Invited Talk: Performance Modeling in MapReduce Environments: Challenges and Opportunities
Dr. Lucy Cherkasova Principal Scientist at HP Labs, Palo Alto |
Unstructured data is the largest and fastest growing portion of most enterprise's assets, often representing 70% to 80% of online data. These steep increase in volume of information being produced often exceeds the capabilities of existing commercial databases. MapReduce and its open-source implementation Hadoop represent an economically compelling alternative that offer an efficient distributed computing platform for handling large volumes of data and mining petabytes of unstructured information. It is increasingly being used across the enterprise for advanced data analytics and enabling new applications associated with data retention, regulatory compliance, e-discovery, and litigation issues.
Sharing a MapReduce cluster among multiple applications is a common practice in such environments. However, a key challenge in these shared environments is the ability to tailor and control resource allocations to different applications for achieving their performance goals and service level objectives (SLOs). Currently, there is no job scheduler for MapReduce environments that, given a job completion deadline, could allocate the appropriate amount of resources to the job so that it meets the required SLO. Benchmarking Hadoop, optimizing cluster parameters, efficient job scheduling, and workload management are new topics that create an exciting list of challenges and opportunities for modeling in MapReduce environments.

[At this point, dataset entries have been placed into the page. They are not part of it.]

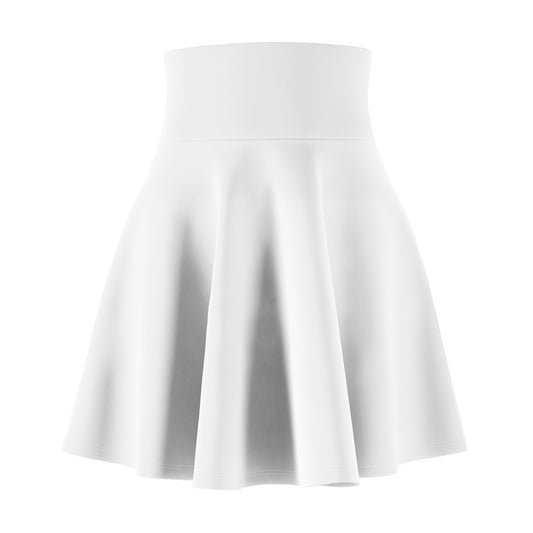 Solid White Print Skater Skirt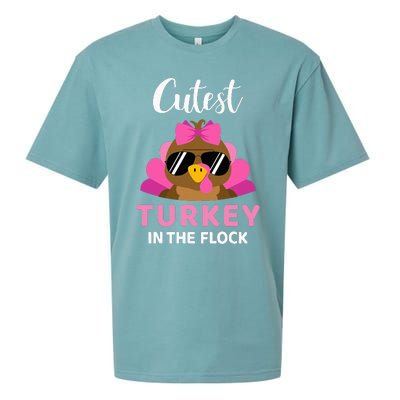 Cutest Turkey In The Flock Thanksgiving Sueded Cloud Jersey T-Shirt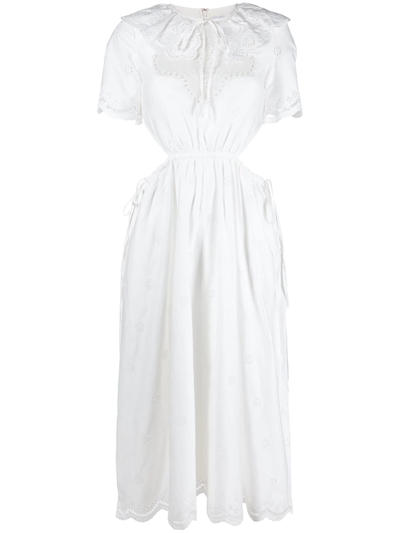 Self-portrait Embroidered Short-sleeve Dress In White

Dr. Lucy Cherkasova is a principal scientist at HP Labs, Palo Alto, where she works since 1991. Her current research interests are in developing quantitative methods for the analysis, design, and management of concurrent and distributed systems (such as internet and media applications, virtualized environments, and next generation data centers). Dr. Cherkasova has initiated, managed and led to success multiple R&D projects. She is the ACM Distinguished Scientist. She earned 5 Best Paper awards and recognized by the Certificate of Appreciation from the IEEE Computer Society. Her most recent works were on the design of new technologies for efficient management, capacity planning, and anomaly detection in internet and enterprise systems with the emphasis on performance and scalability issues.